Re: [RFC PATCH v3 2/3] tracing: Introduce tracepoint_is_syscall()

[Date Prev][Date Next][Thread Prev][Thread Next][Date Index][Thread Index]

 



On 2024-10-26 20:08, Steven Rostedt wrote:
On Sat, 26 Oct 2024 11:46:28 -0400
Mathieu Desnoyers <mathieu.desnoyers@xxxxxxxxxxxx> wrote:

Introduce a "syscall" flag within the extended structure to know whether
a tracepoint needs rcu tasks trace grace period before reclaim.
This can be queried using tracepoint_is_syscall().

Signed-off-by: Mathieu Desnoyers <mathieu.desnoyers@xxxxxxxxxxxx>
Cc: Michael Jeanson <mjeanson@xxxxxxxxxxxx>
Cc: Steven Rostedt <rostedt@xxxxxxxxxxx>
Cc: Masami Hiramatsu <mhiramat@xxxxxxxxxx>
Cc: Peter Zijlstra <peterz@xxxxxxxxxxxxx>
Cc: Alexei Starovoitov <ast@xxxxxxxxxx>
Cc: Yonghong Song <yhs@xxxxxx>
Cc: Paul E. McKenney <paulmck@xxxxxxxxxx>
Cc: Ingo Molnar <mingo@xxxxxxxxxx>
Cc: Arnaldo Carvalho de Melo <acme@xxxxxxxxxx>
Cc: Mark Rutland <mark.rutland@xxxxxxx>
Cc: Alexander Shishkin <alexander.shishkin@xxxxxxxxxxxxxxx>
Cc: Namhyung Kim <namhyung@xxxxxxxxxx>
Cc: Andrii Nakryiko <andrii.nakryiko@xxxxxxxxx>
Cc: bpf@xxxxxxxxxxxxxxx
Cc: Joel Fernandes <joel@xxxxxxxxxxxxxxxxx>
Cc: Jordan Rife <jrife@xxxxxxxxxx>
---
  include/linux/tracepoint-defs.h |  2 ++
  include/linux/tracepoint.h      | 24 ++++++++++++++++++++++++
  include/trace/define_trace.h    |  2 +-
  3 files changed, 27 insertions(+), 1 deletion(-)

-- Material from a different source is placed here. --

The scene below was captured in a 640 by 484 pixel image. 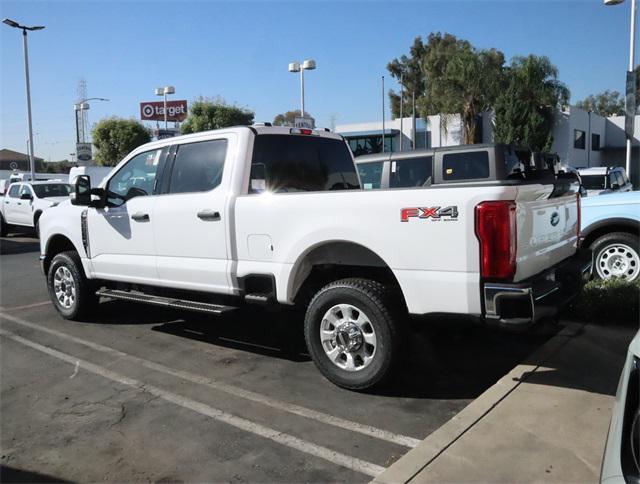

diff --git a/include/linux/tracepoint-defs.h b/include/linux/tracepoint-defs.h
index 967c08d9da84..53119e074c87 100644
--- a/include/linux/tracepoint-defs.h
+++ b/include/linux/tracepoint-defs.h
@@ -32,6 +32,8 @@ struct tracepoint_func {
  struct tracepoint_ext {
  	int (*regfunc)(void);
  	void (*unregfunc)(void);
+	/* Flags. */
+	unsigned int syscall:1;

I wonder if we should call it "sleepable" instead? For this patch set
do we really care if it's a system call or not? It's really if the
tracepoint is sleepable or not that's the issue. System calls are just
one user of it, there may be more in the future, and the changes to BPF
will still be needed.

Remember that syscall tracepoint probes are allowed to handle page
faults, but should not generally block, otherwise it would postpone the
grace periods of all RCU tasks trace users.

So naming this "sleepable" would be misleading, because probes are
not allowed general blocking, just to handle page faults.

If we look at the history of this tracepoint feature, we went with
the following naming over the various versions of the patch series:

1) Sleepable tracepoints: until we understood that we just want to
   allow page fault, not general sleeping, so we needed to change
   the name,

2) Faultable tracepoints: until Linus requested that we aim for
   something that is specific to system calls, rather than a generic
   thing.

   https://lore.kernel.org/lkml/CAHk-=wggDLDeTKbhb5hh--x=-DQd69v41137M72m6NOTmbD-cw@xxxxxxxxxxxxxx/

3) Syscall tracepoints: This is what we currently have.

Other than that, I think this could work.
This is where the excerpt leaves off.